Speaking outside the Royal London hospital, Hollie Dance said he had “fought right until the very end”.
Speaking through tears, she said: “In sadness, Archie passed at 12.15pm today. I would just like to say I am the proudest mum in the world.
“He was such a beautiful little boy. He fought right until the very end and I am so proud to be his mum.”
Ella Carter, a relative of the family, said it was “barbaric” to see the young boy die.
“His stats remained completely stable for two hours until they completely removed ventilation and he went completely blue,” she said.
“There is absolutely nothing dignified about watching a family member or a child suffocate. No family should ever have to go through what we have been through – it is barbaric.”
Supporters of the family came to the hospital with flowers on Saturday morning and created a tribute to Archie in front of the hospital with candles in the shape of the letter A.
Shelley Elias, 43, a mother of two from Stepney, east London, who said she vaguely knew Archie’s mother, brought flowers, a card and some candles. She said: “I did not know what to write because there are no words that will take the pain away.
“I just wanted the mum and her family to know that I am here for them. My boy is 12, the same age as Archie, and this just puts things in perspective.”
Andrea Williams, the chief executive of the Christian Legal Centre, which has been supporting the family’s case, said: “Our thoughts, prayers and support are with Archie’s family at this tragic moment.
“We will continue to support the family, as we have done throughout, ever since they came to us after being issued with last-minute legal proceedings to remove life support from Archie.
“We are thankful for the widespread public support for Archie and his family. It has been a privilege to stand alongside them.”
Dance and Archie’s father, Paul Battersbee, had in recent days made applications to the high court, court of appeal and European court of human rights (ECHR) to have him transferred to a hospice to die.
A last-ditch plea to the ECHR to intervene was rejected late on Friday, following a high court ruling that he must remain at Royal London hospital in Whitechapel, east London.
Archie, a talented gymnast and lover of mixed martial arts, had been in a coma since suffering a catastrophic brain injury on 7 April. His mother, who had been at his bedside almost constantly ever since, believes it resulted from him choking while taking part in a viral social media challenge.
Doctors said Archie was brain stem dead but his parents wanted life support to continue.

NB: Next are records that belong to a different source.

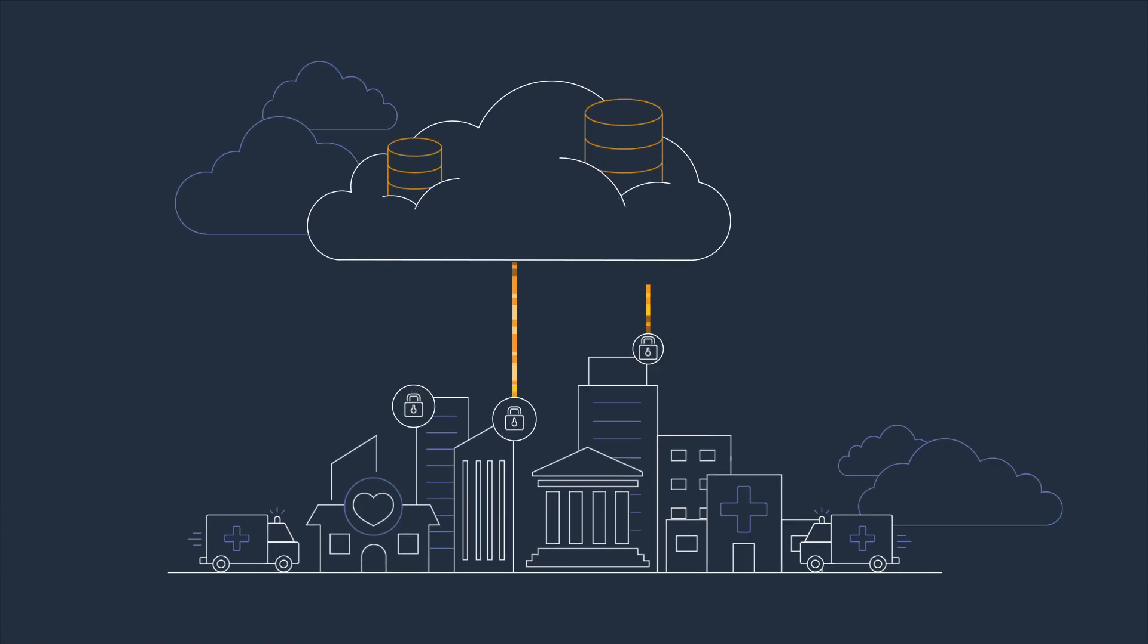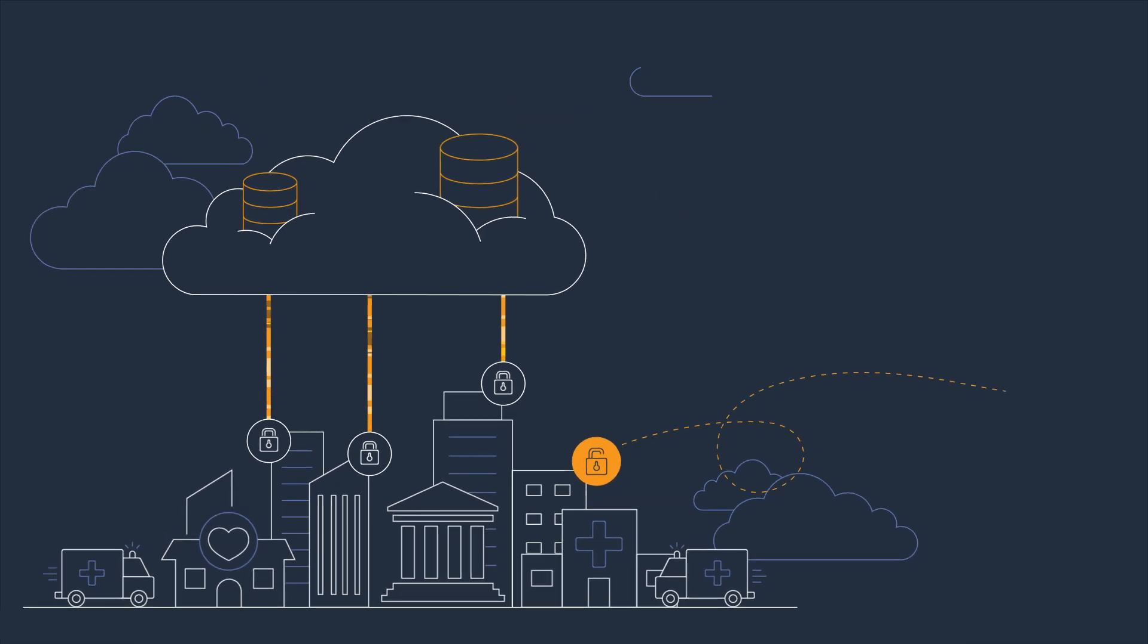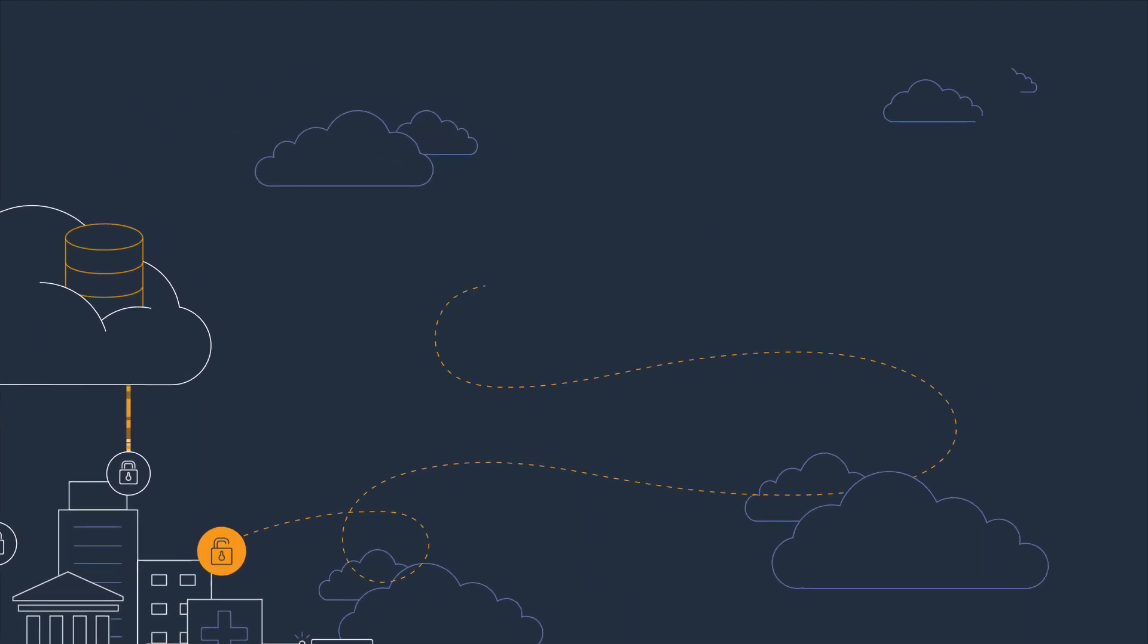For workloads that contain sensitive information, obtaining compliance authorization can be a long, complicated process that often lacks a blueprint.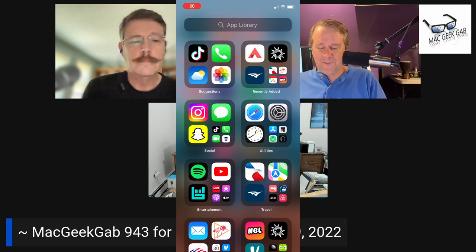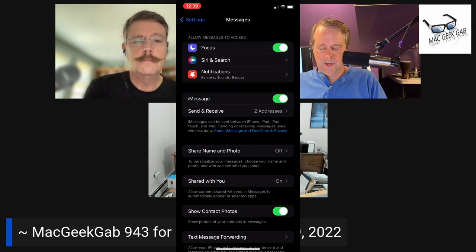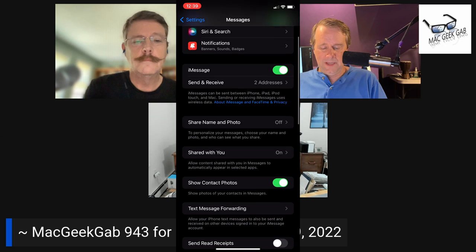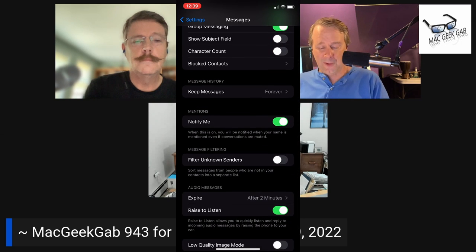Andrew Woodward in our Discord channel at MacGeekUp.com/Discord reminds us of a feature that exists in iOS 15, and it might go back even further. If you go into Settings, then Messages, and scroll down a bit on your iPhone, there is an option for Filter Unknown Senders.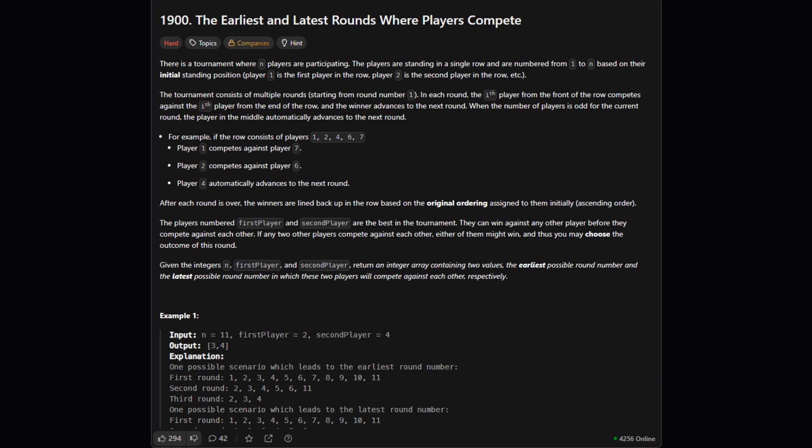So here's the setup. We have a tournament with n players, all lined up in a single row. In each round, the first player in line competes against the last player, the second player competes against the second to last, and so on. Here's the twist: for any match that doesn't involve our two special players, we get to decide who wins — this choice is what creates different scenarios. After each round, the winners line back up in their original number order. Our goal is to find the absolute earliest round our two players could possibly meet, and also the absolute latest round they could meet.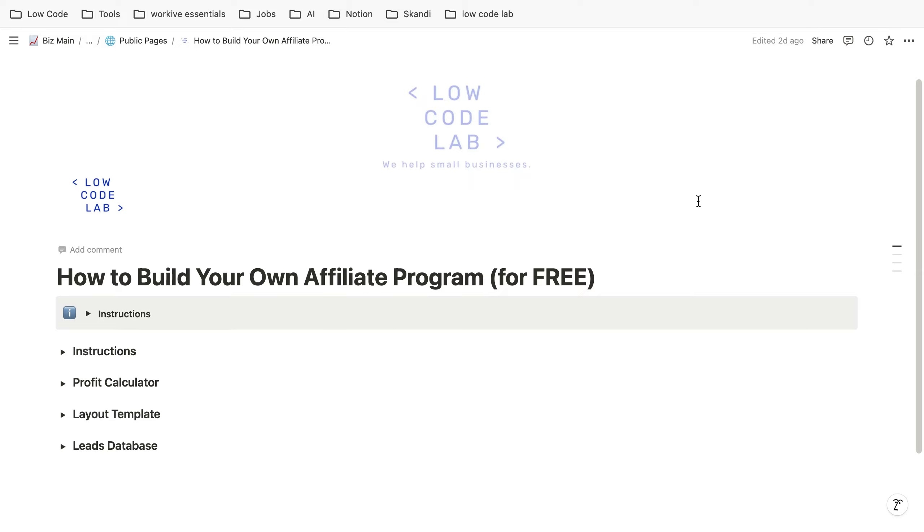Hi guys, in this video we are going to look at how you can create quite simple, easy and for free an affiliate program with Gumroad.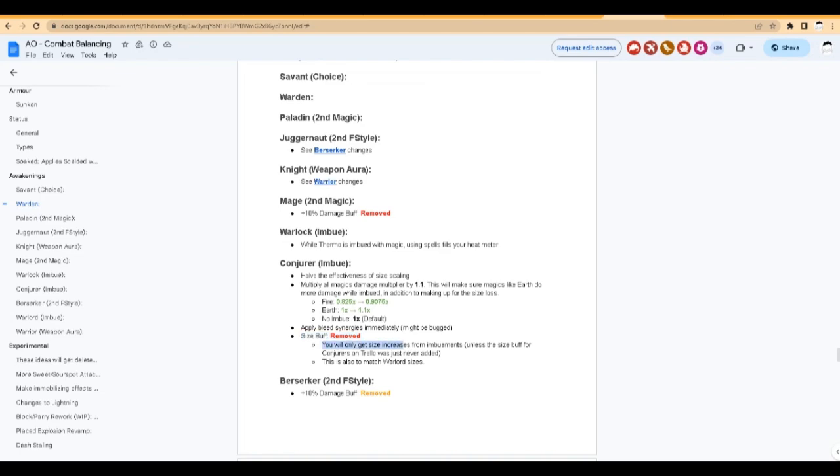So I'm not sure what that means. But it says, you will only get size increase from imbuements. So like, I guess you need to apply your ice to get more size when you have magic size. I don't know, guys. It's a little bit weird. I'm not sure if I understood it.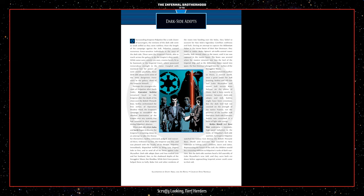Cedrus tracked Skywalker to Ossus, a wasted world, once a great center for Jedi learning. Cedrus and Vil Goyer met Luke Skywalker and recent Jedi recruit Cam Solisar on the plains of Ossus. Had it been merely a contest between Dark Side Adepts and Jedi, Cedrus might have been victorious, but the Dark Lord had not counted on the strength of the native Isana, nor the presence of the tree-like Jedi Ood B'Nar. Dark Side Executor Cedrus was consumed in a burst of Light Side energy.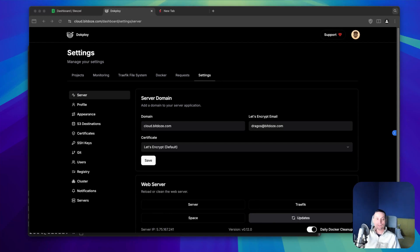Hello, I'm Dragos and in this video we're going to take a look at how you can update a Dokploy Docker Compose image to use the latest version of that image in your project.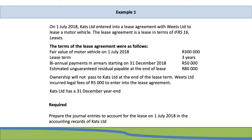Let's have a look at an example. On 1 July 2018, Katz Ltd entered into a lease agreement with Wheats Ltd to lease a motor vehicle. The lease agreement is a lease in terms of IFRS 16 leases and the terms were as follows: the fair value of the motor vehicle on 1 July 2018 was R300,000. The lease term was 3 years with biannual payments in arrears starting on 31 December 2018 of R50,000. The estimated unguaranteed residual payable at the end of the lease is R80,000. Ownership will not pass to Katz Ltd at the end of the lease term, and Wheats Ltd incurred legal fees of R5,000 to enter into the lease agreement.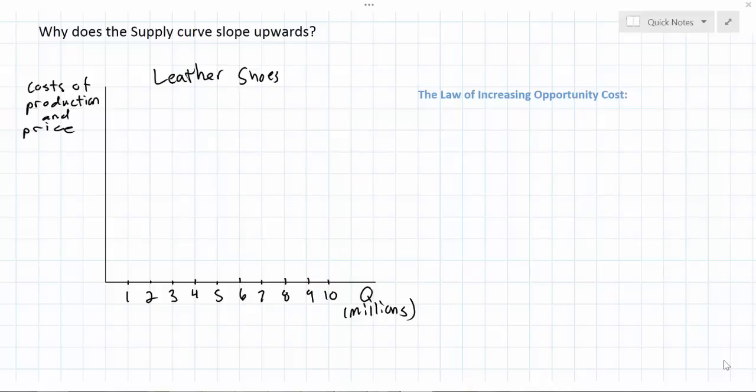In this video lesson I'm going to explain why the supply curve slopes upwards. In a previous lesson we introduced the concept of supply, the law of supply, and the determinants of supply. It was explained that there is a direct relationship between a good's price and the quantity that firms are willing and able to provide to the market in a particular period of time. This is known as the law of supply. What was not explained in that video, however, was the rationale behind the law of supply.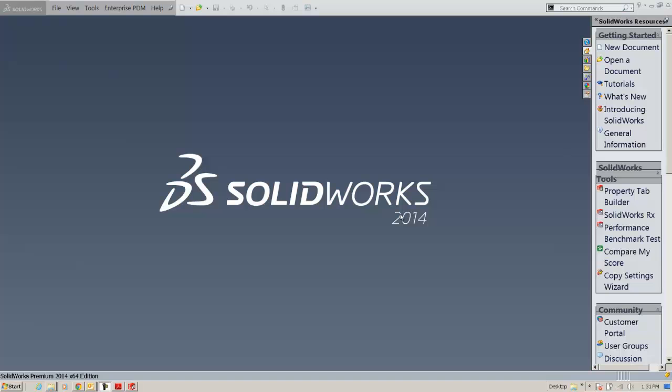Thanks for clicking on another short tips video from GoEngineer. My name is Bruce Schaller and this is the second part of a maximizing performance for SOLIDWORKS video.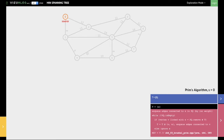Hello everyone. In this video we're going to talk about Prim's algorithm for finding the minimum spanning tree in a weighted undirected graph. But first, what is a minimum spanning tree? A minimum spanning tree is essentially a tree that spans or covers all the vertices in a graph. Among all the trees which span the graph, the minimum spanning tree is that tree which has the least weight.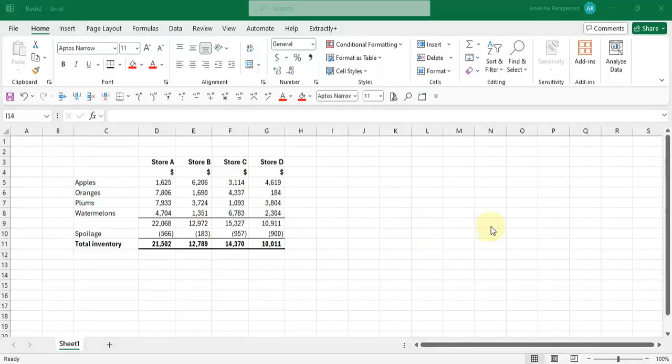Hi everyone. Today I want to go through with you how to copy and paste tables from Excel into Microsoft Word.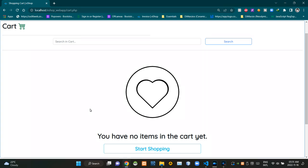Hello folks, welcome to today's demonstration video of my eshop project. In this video I'm going to explain about the shopping cart product adding and viewing process. So without further ado, let's get into this.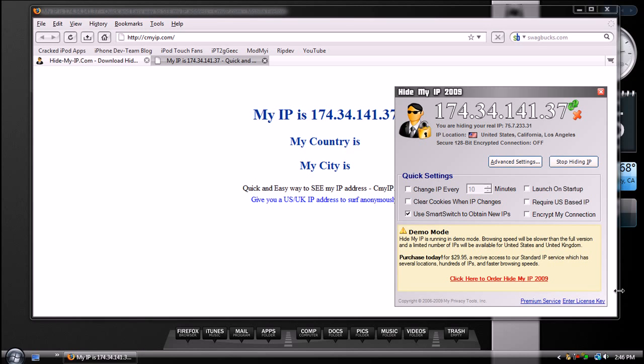Again, you might want to do this if you want to get past maybe a blocked website, if you want to hide your privacy, or hide your personal files. Stuff like that.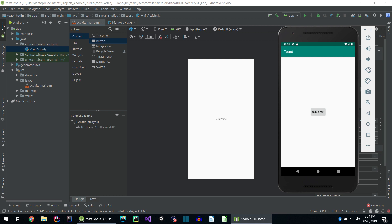Hello! In this video, I'm going to show you how to display a small message at the bottom of your screen using Toast.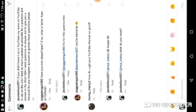First question by PuggyPenguin360: Have you ever played Apex? If so, what is better, Apex or Fortnite? Definitely Apex. Thanks for the question.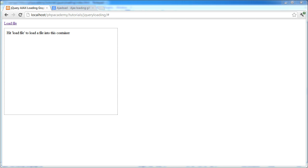Hi, this is Alex from PHP Academy, and welcome to this tutorial on creating an AJAX loading graphic when AJAXing content into a container.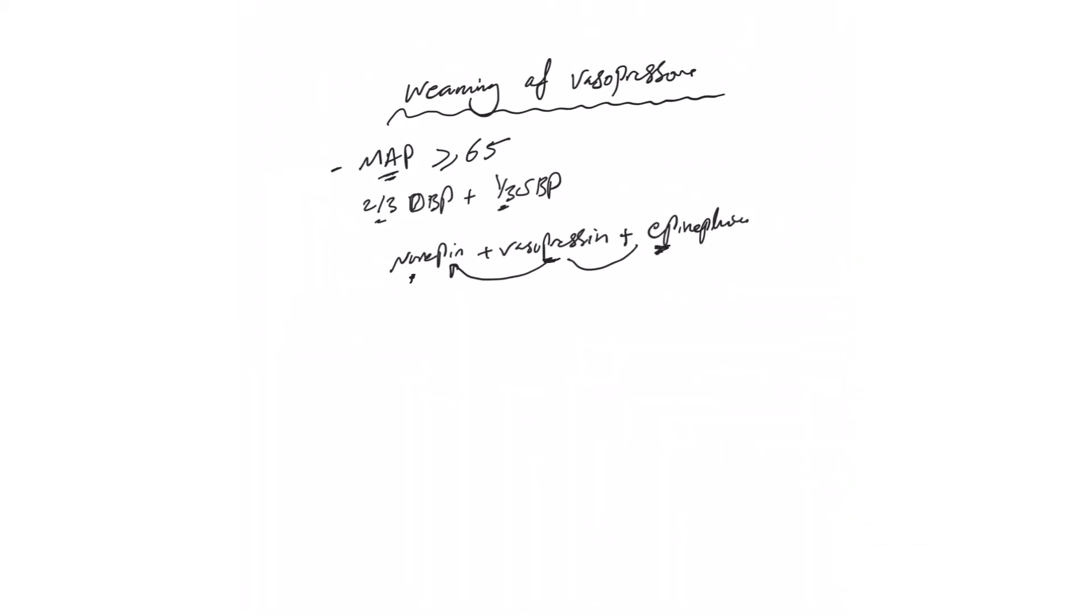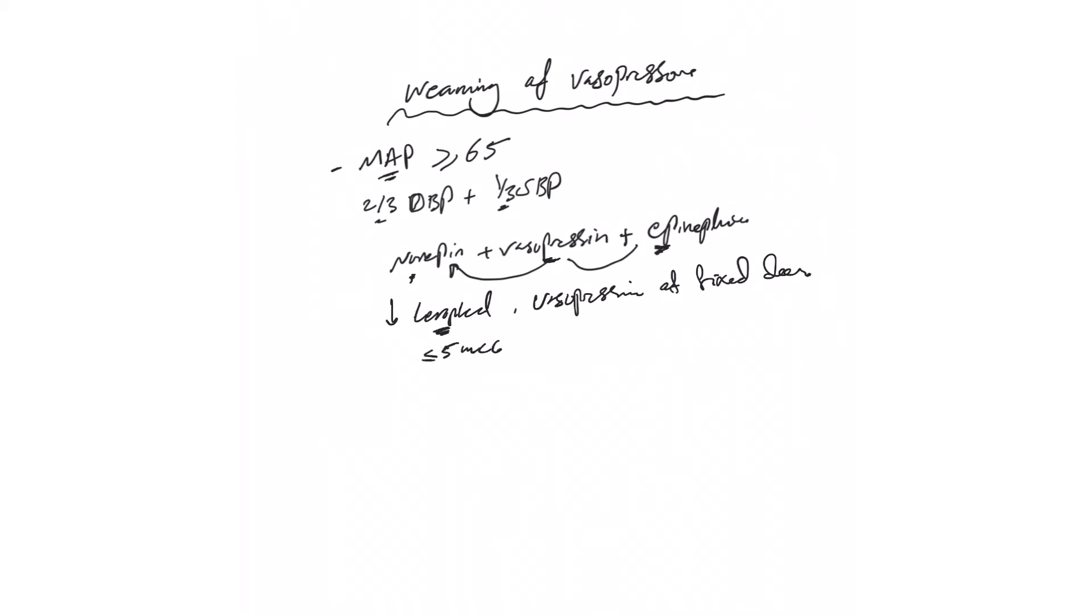Come down, decrease levophed, which is norepinephrine dose. Leave vasopressin, don't touch it at fixed dose, until this levophed or norepinephrine is less than 5 mcg per minute. Once you reach this, then you can shut off the vasopressin. Don't titrate vasopressin slowly down, just shut it off and then wean off levophed.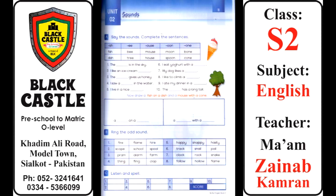Number two: 'I like an ice cream blank.' An ice cream cone — cone is the most appropriate word. 'I like an ice cream cone.' Number three: 'The blank gives us honey.' Who gives us honey? The bee gives us honey.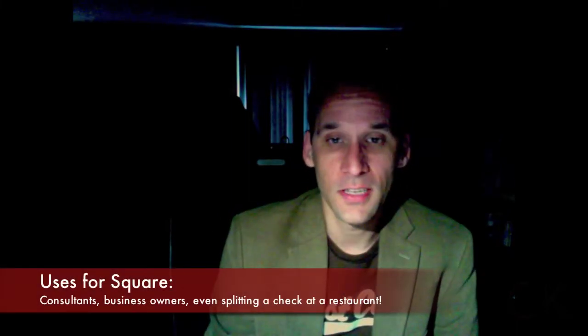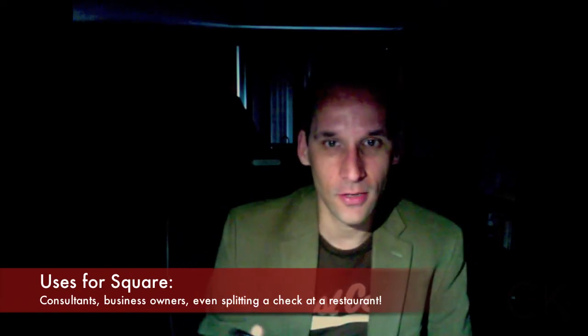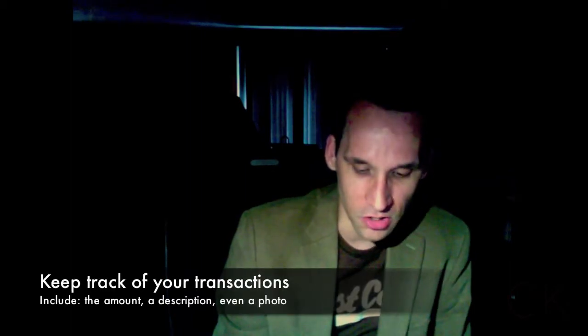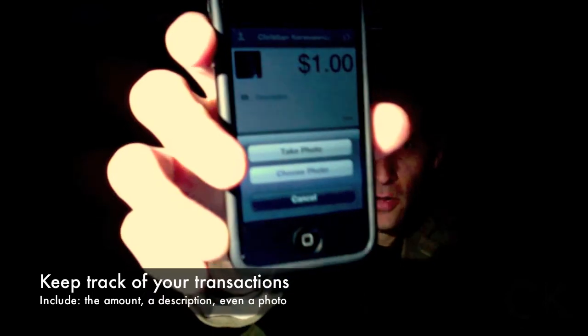Basically what this allows me to do is swipe a credit card and charge someone for something. I've been to businesses that use this all the time — they don't have a credit card terminal, they use this. If you do any consulting, it's great for accepting payments right there instead of having to send a PayPal invoice. You can enter your amount, add a description, and tie into the phone's camera to take a photo.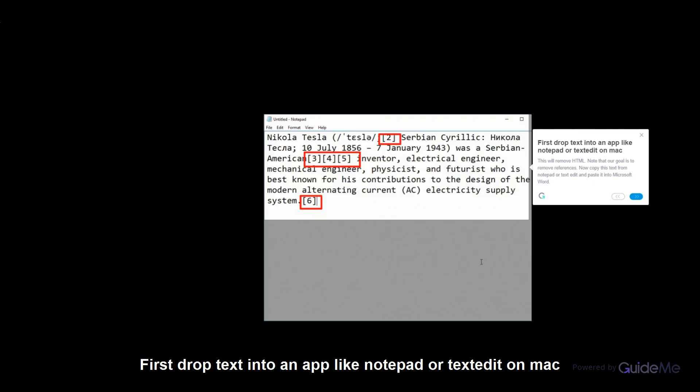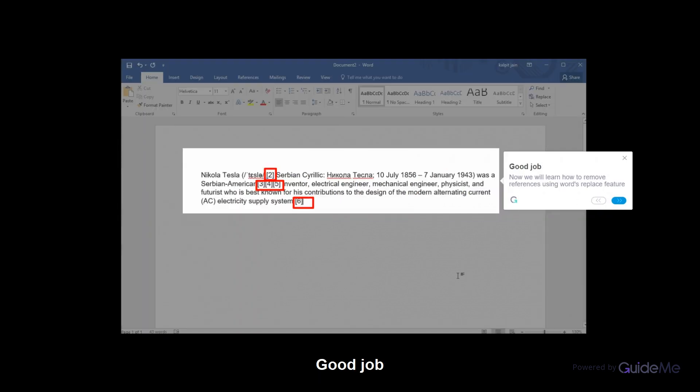First, drop text into an app like Notepad or TextEdit on Mac. This will remove HTML. Note that our goal is to remove references. Now copy this text from Notepad or TextEdit and paste it into Microsoft Word. Good job!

Last month, a high court judge, praising Archie as having “an infectious enthusiasm for life”, ruled it was “futile” to keep treating him.
In an interview with Sky News, recorded on Friday, Dance, of Southend-on-Sea, Essex, said the hospital had made it clear there were no more options and that life support would be withdrawn at 10am on Saturday.
Dance said: “The last however many weeks since 7 April, I don’t think there’s been a day that hasn’t been awful really.”
“It’s been really hard,” she added. “Despite the hard strong face and appearance obviously in front of the cameras up until now, I’ve been pretty broken.”
Asked if there was anything more she could do, she said: “No. I’ve done everything that I promised my little boy I’d do. And I’ve done it.”
In a statement, Barts Health NHS trust said Archie’s “tragic case not only affected the family and his carers but touched the hearts of many across the country.”
Alistair Chesser, the trust’s chief medical officer, said: “Archie Battersbee passed away on Saturday afternoon at the Royal London hospital after treatment was withdrawn in line with court rulings about his best interests. Members of his family were present at the bedside and our thoughts and heartfelt condolences remain with them at this difficult time.
“The trust would like to thank the medical, nursing and support staff in the paediatric intensive care department who looked after Archie following his awful accident. They provided high quality care with extraordinary compassion over several months in often trying and distressing circumstances. This tragic case not only affected the family and his carers but touched the hearts of many across the country.”